2011年8月17日水曜日

フィールド調査in SAN(3)

午後。
もうちょっと北側のBucaneloに上陸します。ここはパティーからも難しいと聞いたけど、、、?でもWetなのにそんなに大変なのかなぁ?これまでのWetの経験では、岩場にDryよりもずっと簡単だったけど?
ノバリノを見ると、足元をWet用に準備するだけでなく、ありとあらゆる荷物全部を、検疫用のデカいビニル袋に詰めています。ん?何が起こるんですか、これから?…しょうがないので彼に倣って靴もカメラも、みんな詰め込みます(なので決死のランディングの様子は、記録に残りませんでした)。

そしてパンガへのり、いざ浜辺へ。遠浅なのか、真っ黒な砂が寄せたり返したりしている波打ち際までなかなか近づけません。どうするのかなあ、と思ったその時、
Ahora!
えええええっ?絶対どう見てもAhoraじゃないでしょ!と心の中で力いっぱい突っ込むも、ぐずぐずしているとみんなを巻き込んで大事故です。やぶれかぶれというのはああいうこと、後先考えずにとりあえずノバリノに続いて飛び降ります。みんなの荷物を、操縦しながら渡してくれるキャップから必死で受け取り…(なにしろ商売道具一式全部入ってるので浸水させるわけにいかない)、波にもまれる前に、そして乗ってきたパンガに轢かれる前に、大急ぎで陸に向かって走れ!

振り返ると、半分座礁してエンジンを砂から引き揚げながら、どうにか方向を変えて海に戻るパンガの姿が。

Oh~。。。
…これ、帰りもですよね。

ま、気を取り直して浜辺で靴を履き、荷物を担いで上がります。
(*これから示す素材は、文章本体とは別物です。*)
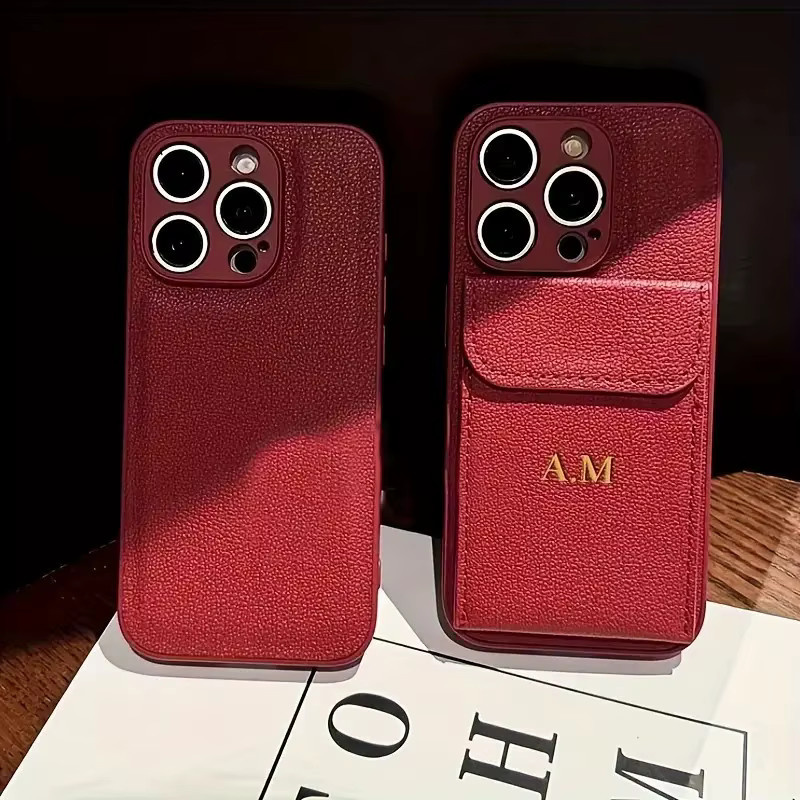 Personalisierte Luxus Leder Hülle mit Kartenhalter für dein iPhone, Farbe: Rot, Marke: YLUOYI - Bild 2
辺りは蜘蛛の巣だらけ、しかもこの糸がものすごい丈夫。
…日本の蜘蛛の糸では天国まで登れないけど、ここのなら登れるなぁ…(「蜘蛛の糸」芥川龍之介より妄想)
でもまあ、とてつもなく不快なので、ゴメンナサイといいながら棒を振り回して道を確保します。上空にはガラパゴスノスリが舞い、目の前にはガラパゴスフライキャッチャー。相変わらず無人島の小鳥は手に乗るくらいまで近くにやってきて、ほんとにかわいい。

ここではアデラがとてもお手柄でした。すでに全種類のサンプルが入手できないことをほぼ確信していた私は、やる気が70Off、それでも彼女は地味ぃ~に探して、地味ぃ~に見つけて地味ぃ~に教えてくれます。(帰ってサンプル処理をしているときに、さらに新たな発見があり、彼女のお手柄度はますますUp!)おかげで5角の固有Physalisも取れ、3時になったので撤収することにしました。…あのランディングの逆で。(マジ危ないあれは…)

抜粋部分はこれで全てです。